Contemplating In-Office Knowledge-Sharing Sessions

In the past I tend to prepare presentation slides if I want to share something to tester colleagues at work, often clippings of interesting articles which I felt could be useful for our knowledge-sharing sessions. It worked, but after some time the sessions felt monotonous and tedious. Probably because I always have to explain in detail the ideas and the lessons behind those clippings. I try to make my presentations interesting, but I think that after a while hearing the same voice over and over can get old.

These days I’m sharing videos instead. The videos are usually recorded conference talks or tutorials I have watched and learned from in recent years, and I have taken care in listing the the ones that are insightful, fun, and relatively short.
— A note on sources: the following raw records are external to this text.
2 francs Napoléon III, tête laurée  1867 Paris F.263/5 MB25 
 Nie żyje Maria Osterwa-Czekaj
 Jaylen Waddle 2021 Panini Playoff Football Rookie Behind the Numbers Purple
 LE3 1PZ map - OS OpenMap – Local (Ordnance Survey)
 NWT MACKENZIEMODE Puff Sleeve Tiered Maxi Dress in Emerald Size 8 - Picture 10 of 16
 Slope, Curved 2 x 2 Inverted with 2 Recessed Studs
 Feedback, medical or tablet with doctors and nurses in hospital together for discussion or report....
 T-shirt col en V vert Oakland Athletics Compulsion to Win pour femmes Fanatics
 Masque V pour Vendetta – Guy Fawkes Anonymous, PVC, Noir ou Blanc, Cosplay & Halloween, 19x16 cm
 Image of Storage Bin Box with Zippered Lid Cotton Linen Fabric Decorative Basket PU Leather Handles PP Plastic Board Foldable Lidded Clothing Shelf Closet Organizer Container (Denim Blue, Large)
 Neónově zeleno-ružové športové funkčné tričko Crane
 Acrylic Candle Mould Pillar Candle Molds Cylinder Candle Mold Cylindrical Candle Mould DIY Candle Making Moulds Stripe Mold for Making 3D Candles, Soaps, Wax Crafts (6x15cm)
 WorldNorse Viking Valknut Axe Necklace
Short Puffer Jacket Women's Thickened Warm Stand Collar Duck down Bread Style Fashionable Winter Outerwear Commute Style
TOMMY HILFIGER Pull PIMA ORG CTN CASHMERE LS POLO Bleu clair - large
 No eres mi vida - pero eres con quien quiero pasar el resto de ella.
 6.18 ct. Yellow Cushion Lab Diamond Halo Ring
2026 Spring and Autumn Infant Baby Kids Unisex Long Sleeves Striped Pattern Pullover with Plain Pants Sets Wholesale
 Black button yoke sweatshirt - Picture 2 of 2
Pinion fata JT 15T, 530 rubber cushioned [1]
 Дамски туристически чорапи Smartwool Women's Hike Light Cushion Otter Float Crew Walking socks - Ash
It’s like I’m inviting officemates to watch a short movie for free. The big change: I don’t take a lot of time talking during the knowledge-sharing anymore. There are of course still bits of discussions before, after, or during the showing of a video, whenever necessary, for explaining why I have taken a liking to the talk or to ask them about what they understood. We take turns telling stories about our experiences related to the ideas shared by the speaker, which is nice. And compared to the powerpoint presentations I did before, I felt that because the speaker is someone from outside it makes the ideas shared in the talks and tutorials feel more fresh and real than when I’m merely showing them quoted paragraphs from blogs. That makes it easier for my colleagues to get curious and actually learn something, which is exactly the point of the activity.